Museums and Communities News
December 2013 
 
Sowing Creativity students create a fruit quilt inspired by the artist collaborative Fallen Fruit. More information about the San Jose Museum of Art's Sowing Creativity program is below. Image courtesy of San Jose Museum of Art.

Following is our monthly roundup of stories demonstrating the myriad ways AAMD member museums serve their communities.  

 

AAMD museums - we want your stories! If you have a community program you would like to see featured in Museums and Communities news please contact Alison Wade.

 

 

Nasher Museum Partners with Teachers to Tackle Common Core

The Nasher Museum of Art at Duke University worked with kindergarten through second-grade teachers in Durham Public Schools to co-develop a free website, Words & Pictures, to help bring more art into the classroom. The website is filled with lesson plans and an interactive image gallery for teaching language arts, visual art and literacy. The project, made possible by the National Endowment for the Arts, addresses the challenges of using Common Core standards in English Language Arts but also helps teachers infuse the school day with more art education and visual literacy.  "Words & Pictures integrates into our classroom curriculum," said Lauren Tiffany, a teacher at Southwest Elementary School in Durham. "Showing how it connects-math, literacy, compare-and-contrast." In its second year, the program has reached hundreds of students in Durham, N.C., and beyond.  For more information, visit wordsandpictures.nasher.duke.edu.

  


Sowing Creativity at the San Jose Museum of Art 

The San Jose Museum of Art's Sowing Creativity program integrates art and science in a multi-disciplinary curriculum that teaches students about personal health and livable communities. SJMA's museum educators and teaching artists collaborated with public school teachers and garden educators from four schools to develop the curriculum based on Around the Table: food, community and creativity. Read more on Sowing Creativity at AAMD's website. 

 

 

MFA Boston Joins Christmas in the City to Serve Homeless Families

For the second year, the Museum of Fine Arts Boston is participating in Christmas in the City, a non-denominational annual holiday party which serves over 5,000 homeless children and parents. The MFA collected toys from staff for homeless children and will staff an art-making activity at the event on December 22. Last year the activity was enjoyed by over 500 guests at Christmas in the City. More information on this event is available here.
 
 
The Nasher Museum of Art at Duke University worked with kindergarten through second-grade teachers in Durham Public Schools to co-develop a free website, Words & Pictures, to help bring more art into the classroom. More information is above. Photo by J Caldwell.
  
 

Seattle Art Museum Creates a Temporary Park Downtown as Part of International "PARK(ing) Day"
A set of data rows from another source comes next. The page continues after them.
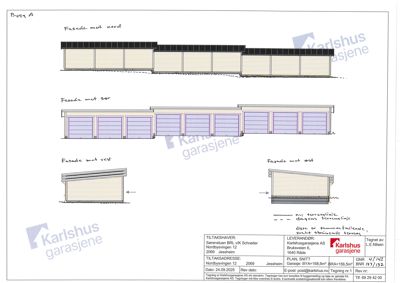 Fasadetegning som viser oppriss av bygningen sett fra nord, sør, vest og øst.
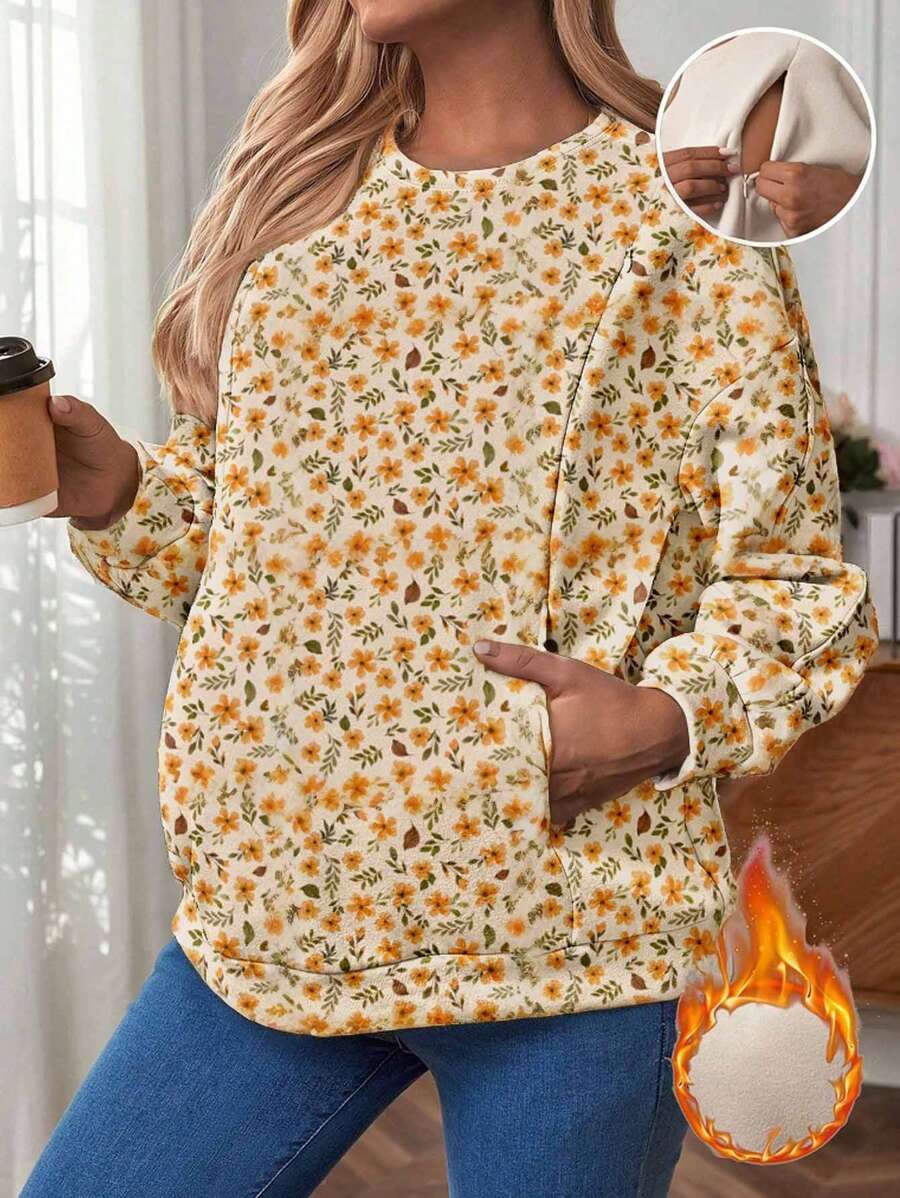 SHEIN Maternity Ditsy Floral Print Breastfeeding Drop Shoulder Sweatshirt - Multicolor - View 1
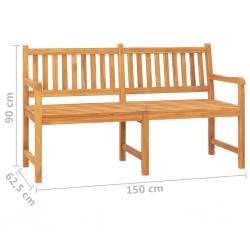 3-osobowa ławka ogrodowa ze stolikiem, 150 cm, drewno tekowe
From KOMO news and The Seattle Times: This fall, Seattle Art Museum (SAM) partnered with the Trust for Public Land to temporarily add green space to the urban core of Seattle. The museum took over parking spaces along Seattle's downtown corridor next to the museum and transformed them into public creative spaces to draw attention to issues of urban design and public space. Developed in 2005 by San Francisco design firm Rebar, PARK(ing) Day is a one-day global event in which artists, activists and citizens collaborate to transform parking spots into temporary public parks. SAM's PARK(ing) Day event was presented as part of the 2013 Seattle Design Festival and featured live painting and instruction from local artists, hands-on art making, games, and interactive activities. 

  

  

To Expand Arts Access, MOLAA Purchases a Bus

In 2012, the Museum of Latin American Art (MOLAA) launched a grassroots fundraising effort to purchase a bus. Stuart A. Ashman, MOLAA's President and CEO, stated, "Over the past year, many teachers indicated that the cost of bus transportation was what prevented them from bringing their classes to the Museum. It seemed to me, that if we could raise the money to purchase our own bus, we could provide our educational school tours and art workshop program to many more students. Read the full story at AAMD's website. 

  

  

MAQ Attack! at the Frist Center for Visual Arts 

In November, the Frist Center for the Visual Arts launched MAQ Attack!, a new free program that invites teens to participate in creative arts activities and open studio programs led by Nashville artists. Students also have the opportunity to explore contemporary art in the Frist Center's galleries including the Martin ArtQuest, an educational space featuring thirty hands-on art-making stations. The first MAQ Attack featured performances by Southern Word, a 501(c)(3) organization that seeks to build literary and presentation skills through spoken word performances by teen poets, and a collaborative poetry writing lab with renowned poet Stephanie Pruitt. More information on MAQ Attack is available at the Frist's website. 

 

 

An ARTLAB participant captures a work from the exhibition Simply Beautiful: Photographs from National Geographic at the Vero Beach Museum of Art. More about the ARTLAB's program, including their collaboration with the Indian River Land Trust, is below. Image courtesy of the Vero Beach Museum of Art.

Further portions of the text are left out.